Consider the following Vector:

numbers = Int32[1,2,3,4,5,6,7,8,9,10]

If I want to create a 2x5 matrix with the result:

1 2 3 4 5
6 7 8 9 10

I can't use reshape(numbers,2,5) or else I'll get:

1 3 5 7 9 
2 4 6 8 10

Using slice or view(), you can extract the top row and bottom row, convert them to a matrix row, and then use vcat().

I'm not saying using slice or view() is the only or best way of doing it, perhaps there is a faster way using reshape(), I just haven't figured it out.

numbers = Int32[1,2,3,4,5,6,7,8,9,10]

println("Using Slice:")
@time numbers_slice_matrix_top = permutedims(numbers[1:5])
@time numbers_slice_matrix_bottom = permutedims(numbers[6:10])
@time vcat(numbers_slice_matrix_top,numbers_slice_matrix_bottom)

println("Using view():")
@time numbers_view_matrix_top = permutedims(view(numbers,1:5))
@time numbers_view_matrix_bottom = permutedims(view(numbers,6:10))
@time vcat(numbers_view_matrix_top,numbers_view_matrix_bottom)

Output:

Using Slice:
  0.026763 seconds (5.48 k allocations: 329.155 KiB, 99.78% compilation time)
  0.000015 seconds (3 allocations: 208 bytes)
  0.301833 seconds (177.09 k allocations: 10.976 MiB, 93.30% compilation time)
Using view():
  0.103084 seconds (72.25 k allocations: 4.370 MiB, 99.90% compilation time)
  0.000011 seconds (2 allocations: 112 bytes)
  0.503787 seconds (246.63 k allocations: 14.537 MiB, 99.85% compilation time)

Why is slice faster? In a few rare cases view() was faster, but not by much.

From view() documentation:

For example, if x is an array and v = @view x[1:10], then v acts like a 10-element array, but its data is actually accessing the first 10 elements of x. Writing to a view, e.g. v[3] = 2, writes directly to the underlying array x (in this case modifying x[3]).

I don't know enough, but from my understanding, because view() has to convert the Vector to a matrix row (the original Vector) through another array (the view()), it's slower. Using slice we create a copy and don't have to worry about manipulating the original Vector.

CodePudding user response：

Your results actually show that view is faster not slicing. The point is that only the second tests is measuring the time to run the code while in the tests 1 and 3 you are measuring the time to compile the code.

This is a common misunderstanding how to run benchmarks in Julia. The point is that when a Julia function is run for the first time it needs to be compiled to an assembly code. Normally in production codes compile times do not matter because you compile only once for a fraction of a second and then run computations for many minutes, hours or days.

More than that - your code is using a global variable so in such a microbenchmark you are also measuring "how long does it take to resolve a global variable type" which is slow in Julia and not used in a production code.

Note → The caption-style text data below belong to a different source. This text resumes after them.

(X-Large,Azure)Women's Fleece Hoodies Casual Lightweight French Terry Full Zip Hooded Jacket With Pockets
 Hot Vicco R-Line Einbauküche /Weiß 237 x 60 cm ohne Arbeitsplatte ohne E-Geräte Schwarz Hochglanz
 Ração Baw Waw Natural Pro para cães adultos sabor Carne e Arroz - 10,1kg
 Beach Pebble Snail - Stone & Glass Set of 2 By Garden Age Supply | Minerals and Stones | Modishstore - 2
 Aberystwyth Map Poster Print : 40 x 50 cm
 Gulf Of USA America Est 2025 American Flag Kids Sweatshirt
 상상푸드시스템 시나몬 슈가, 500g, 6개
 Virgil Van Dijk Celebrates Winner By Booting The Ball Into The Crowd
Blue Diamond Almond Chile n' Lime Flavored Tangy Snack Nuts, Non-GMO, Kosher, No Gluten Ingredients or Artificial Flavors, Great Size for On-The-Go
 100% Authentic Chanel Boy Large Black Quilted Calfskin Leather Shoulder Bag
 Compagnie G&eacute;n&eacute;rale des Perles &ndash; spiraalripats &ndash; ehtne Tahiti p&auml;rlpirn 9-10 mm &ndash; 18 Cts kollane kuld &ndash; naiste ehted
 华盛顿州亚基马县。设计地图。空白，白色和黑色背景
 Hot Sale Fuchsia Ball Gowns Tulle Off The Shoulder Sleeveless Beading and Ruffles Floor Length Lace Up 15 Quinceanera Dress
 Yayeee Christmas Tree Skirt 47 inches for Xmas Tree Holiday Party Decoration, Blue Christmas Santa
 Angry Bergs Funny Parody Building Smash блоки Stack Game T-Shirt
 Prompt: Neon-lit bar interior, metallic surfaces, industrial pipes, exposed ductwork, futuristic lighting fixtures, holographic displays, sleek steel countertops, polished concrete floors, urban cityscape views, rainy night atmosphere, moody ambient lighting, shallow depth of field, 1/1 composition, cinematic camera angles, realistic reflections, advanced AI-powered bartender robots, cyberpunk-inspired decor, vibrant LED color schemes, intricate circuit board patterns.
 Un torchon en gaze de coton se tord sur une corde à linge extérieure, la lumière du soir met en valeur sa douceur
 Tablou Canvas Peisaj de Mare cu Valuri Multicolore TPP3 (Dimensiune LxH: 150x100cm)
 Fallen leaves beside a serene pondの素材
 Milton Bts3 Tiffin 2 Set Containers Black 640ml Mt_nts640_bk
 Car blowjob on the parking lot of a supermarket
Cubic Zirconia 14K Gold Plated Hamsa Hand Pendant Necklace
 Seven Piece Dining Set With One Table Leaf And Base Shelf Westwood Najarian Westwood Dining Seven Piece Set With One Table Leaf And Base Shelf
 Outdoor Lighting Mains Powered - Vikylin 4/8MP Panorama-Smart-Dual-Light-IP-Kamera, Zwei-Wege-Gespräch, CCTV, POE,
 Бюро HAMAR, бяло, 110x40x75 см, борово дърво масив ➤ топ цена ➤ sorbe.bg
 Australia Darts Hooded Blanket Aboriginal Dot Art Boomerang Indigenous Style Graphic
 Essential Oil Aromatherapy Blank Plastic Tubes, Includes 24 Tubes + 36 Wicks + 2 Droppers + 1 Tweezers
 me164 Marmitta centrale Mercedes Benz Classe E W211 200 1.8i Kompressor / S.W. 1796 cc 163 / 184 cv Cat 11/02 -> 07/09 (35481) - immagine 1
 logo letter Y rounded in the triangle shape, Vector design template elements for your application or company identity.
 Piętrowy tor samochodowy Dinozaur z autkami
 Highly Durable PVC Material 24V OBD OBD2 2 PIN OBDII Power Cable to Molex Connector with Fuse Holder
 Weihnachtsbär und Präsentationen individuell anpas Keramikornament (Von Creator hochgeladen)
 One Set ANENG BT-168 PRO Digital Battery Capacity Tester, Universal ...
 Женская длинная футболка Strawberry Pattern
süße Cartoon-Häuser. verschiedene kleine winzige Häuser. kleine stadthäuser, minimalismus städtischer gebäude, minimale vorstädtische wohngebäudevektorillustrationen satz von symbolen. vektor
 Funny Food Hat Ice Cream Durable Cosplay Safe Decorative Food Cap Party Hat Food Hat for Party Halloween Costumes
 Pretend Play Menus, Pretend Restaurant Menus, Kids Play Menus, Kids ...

Here is the correct way to run the benchmark using BenchmarkTools:

julia> @btime vcat(permutedims($numbers[1:5]),permutedims($numbers[6:10]));
  202.326 ns (7 allocations: 448 bytes)

julia> @btime vcat(permutedims(view($numbers,1:5)),permutedims(view($numbers,6:10)));
  88.736 ns (1 allocation: 96 bytes)

Note the interpolation symbol $ that makes numbers a type stable variable.